━━━ Data ━━━

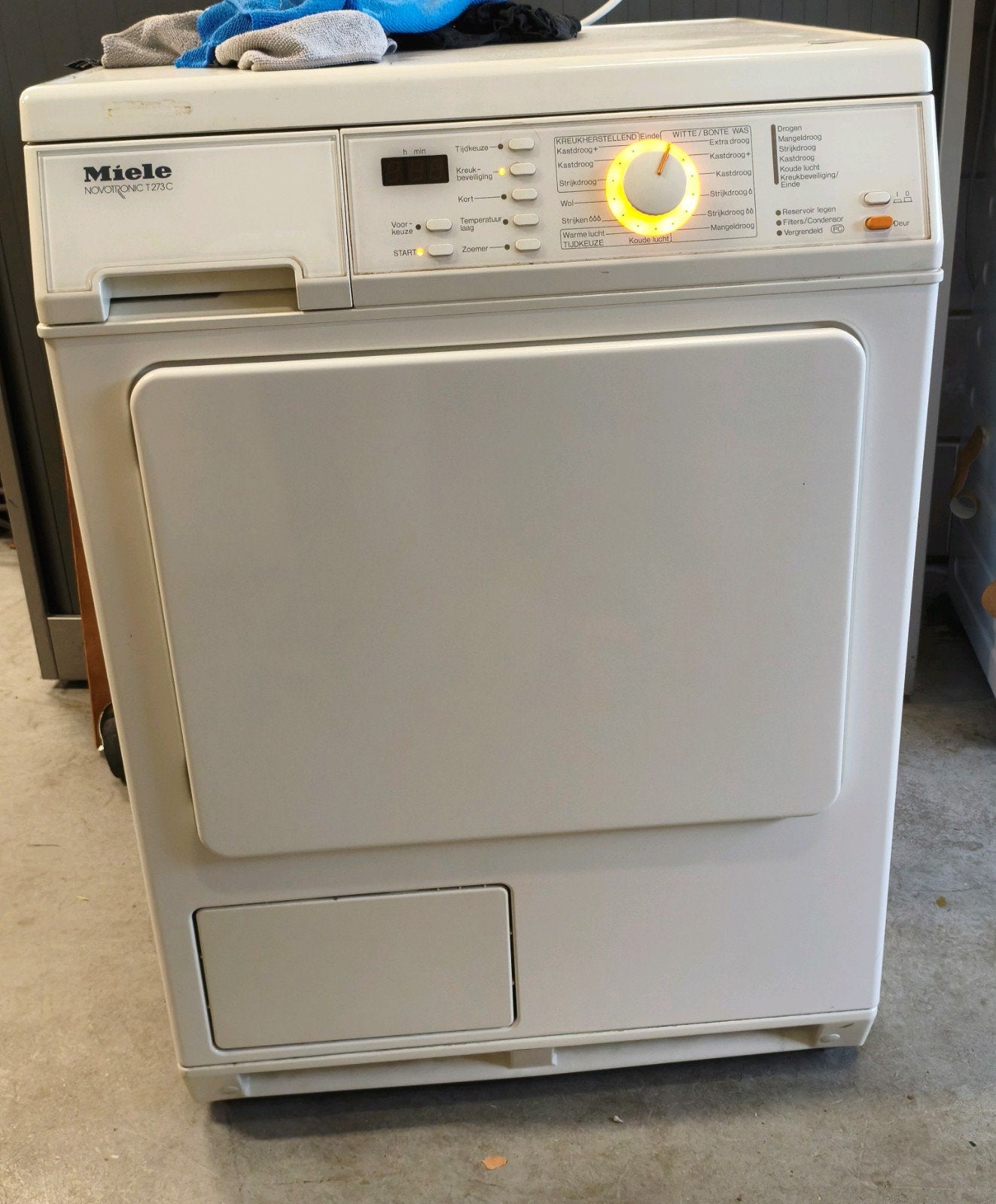 Miele droger wasdroger, Witgoed en Apparatuur, Ophalen, 6 tot 8 kg, Gebruikt, Anti-kreukfase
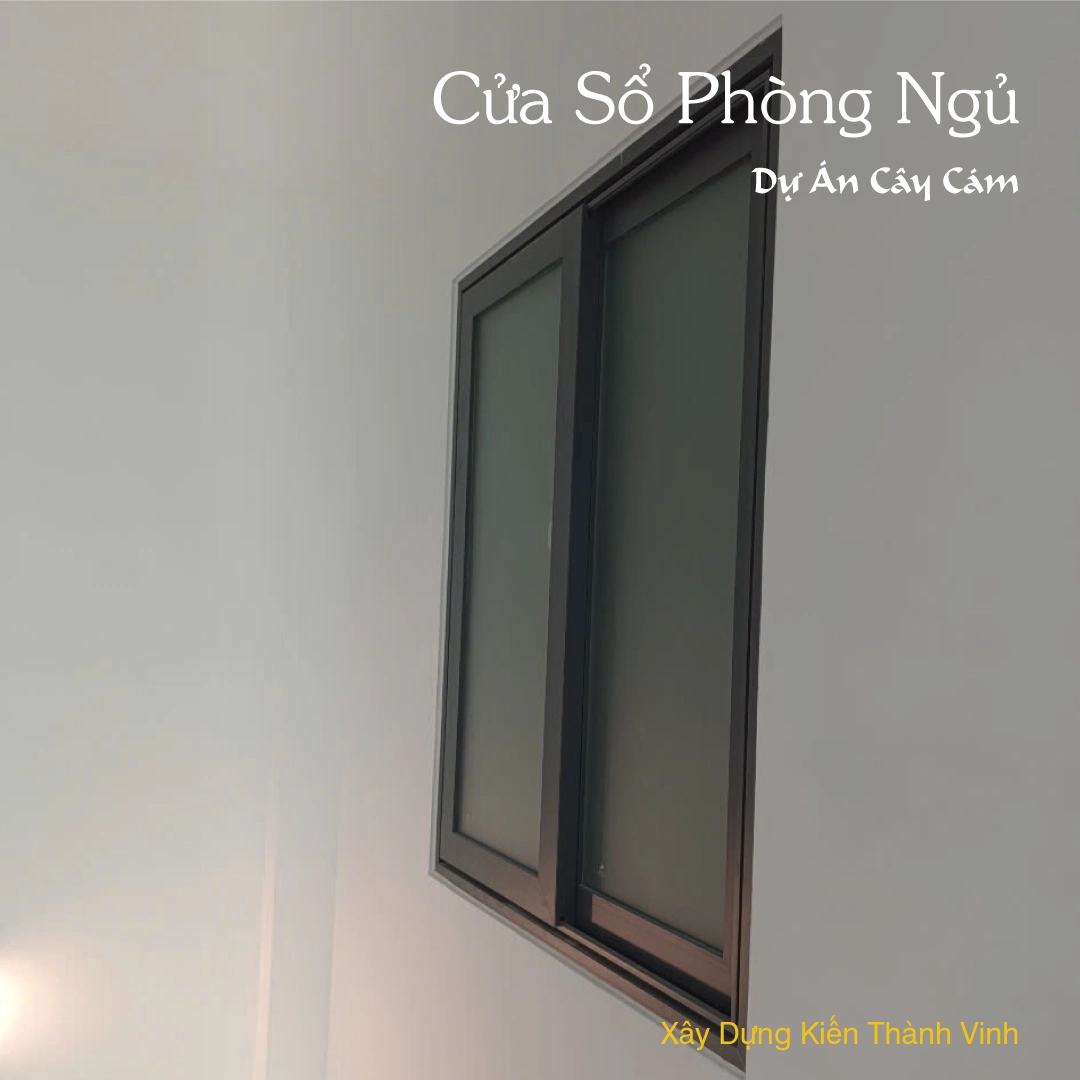 Cửa sổ phòng ngủ của dự án Cây Cám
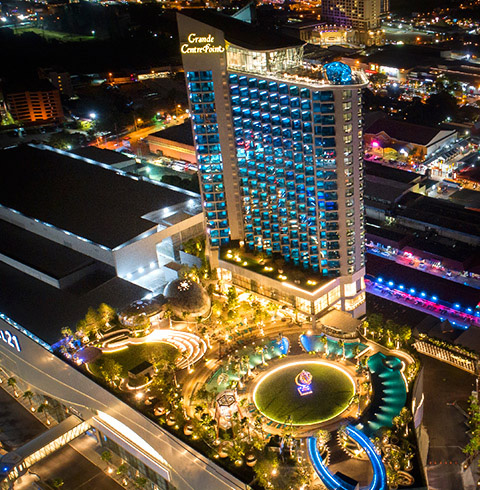 태국 파타야 5성급 그랑데 센터 포인트 터미널 21 호텔 (Grande Centre Point Pattaya)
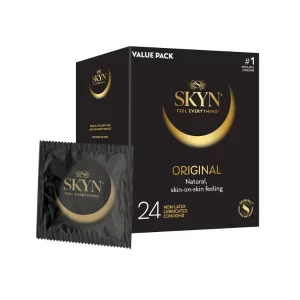 SKYN Original Non-Latex Condoms – 48 Count Pack | Ultra Soft Natural Feel (Pack of-2)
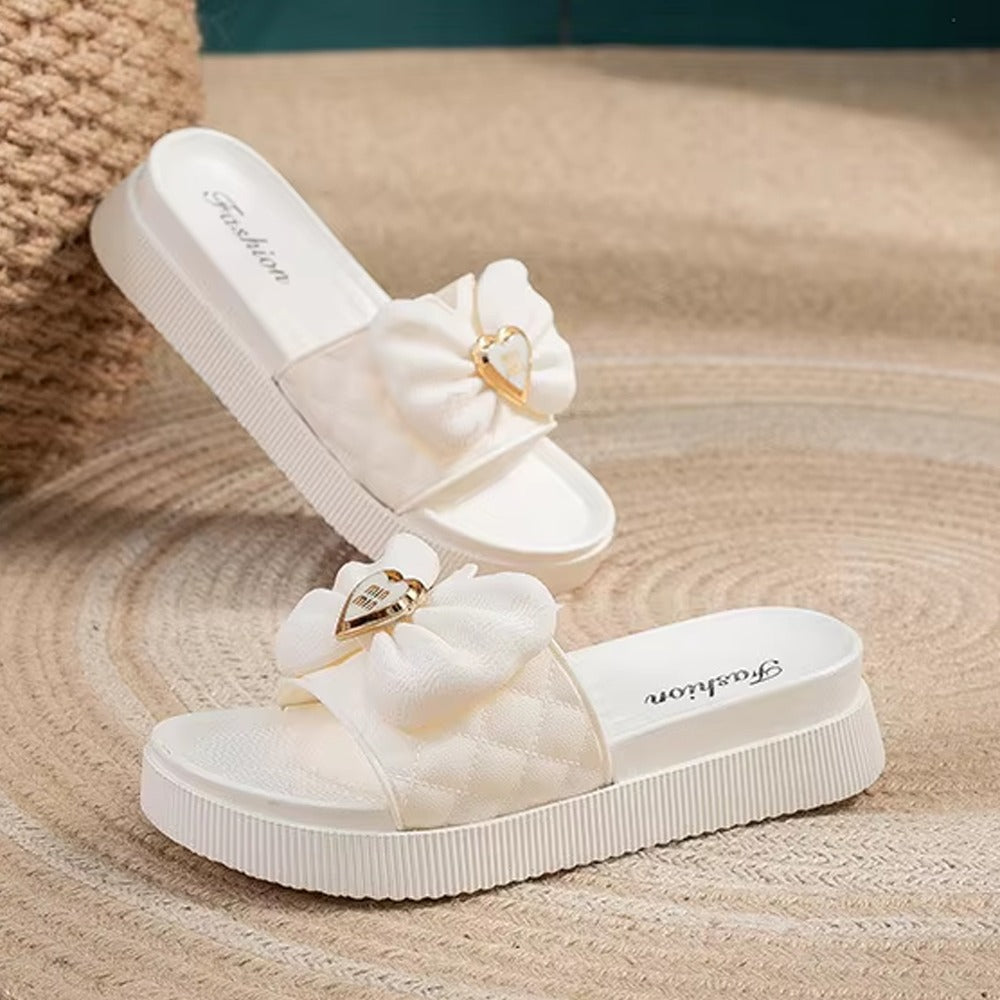 Ribbon Cute Thick Sole Casual Sandals for Women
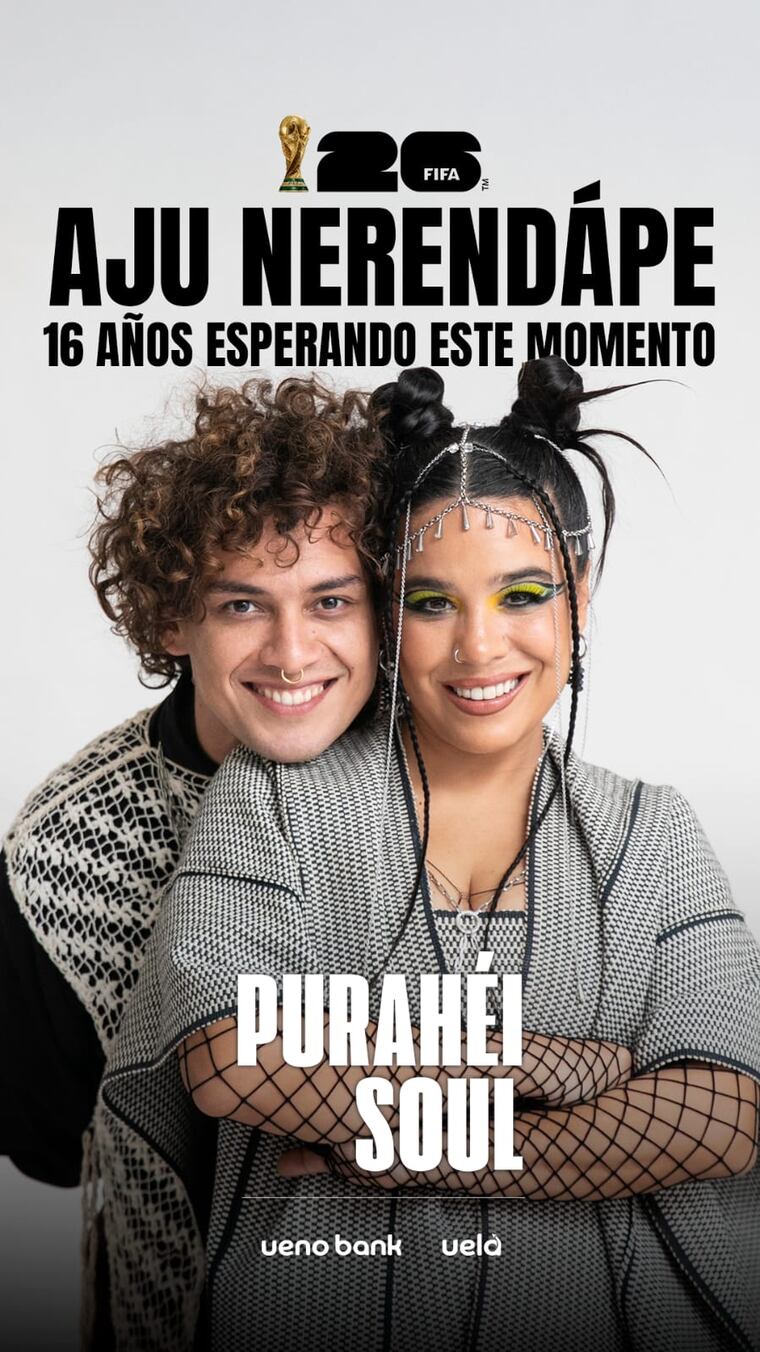 El anuncio de Purahéi Soul de su participación en la Copa Mundial de Fútbol 2026.
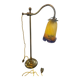 Art Deco desk lamp in brass and glass paste "Muller Frères"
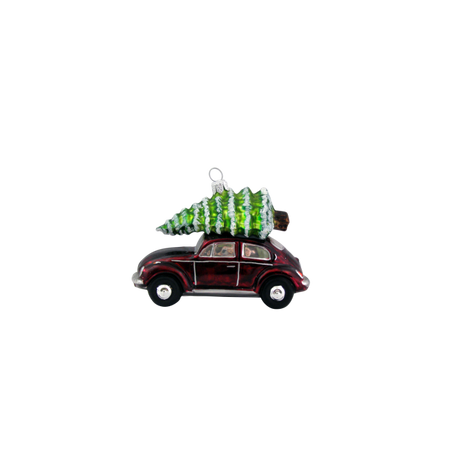 Julekugle VW folkevogn med juletræ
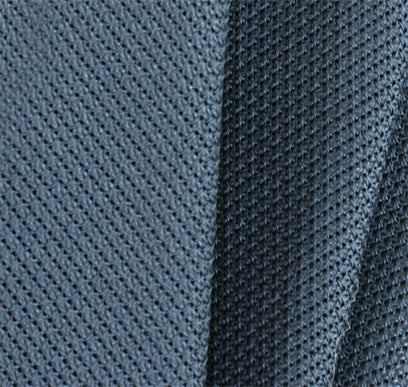 {[en]:Slate Blue Piccola Grenadine Silk Pocket Squares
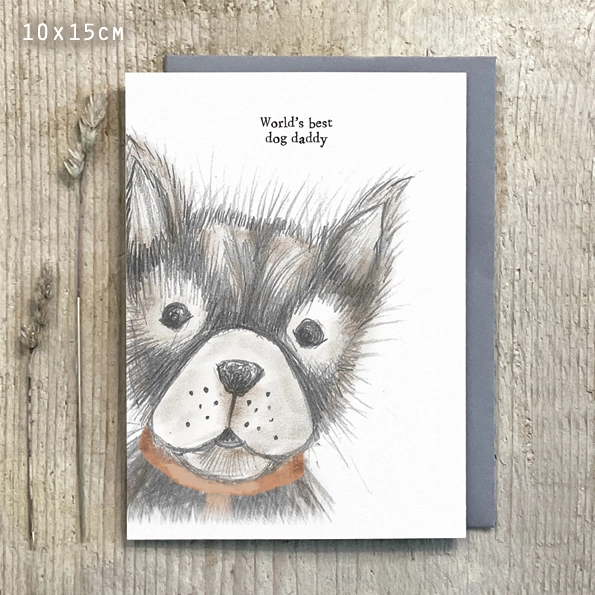 East of India - Dog Card - Best Dog Daddy 2434B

━━━

Aim of the exercise -> From the line with "Art Deco desk" to the final line of the entries above, reproduce each line exactly and nothing else; the pictures stay out.

Problem solution ->
 Art Deco desk lamp in brass and glass paste "Muller Frères"
 Julekugle VW folkevogn med juletræ
 {[en]:Slate Blue Piccola Grenadine Silk Pocket Squares
 East of India - Dog Card - Best Dog Daddy 2434B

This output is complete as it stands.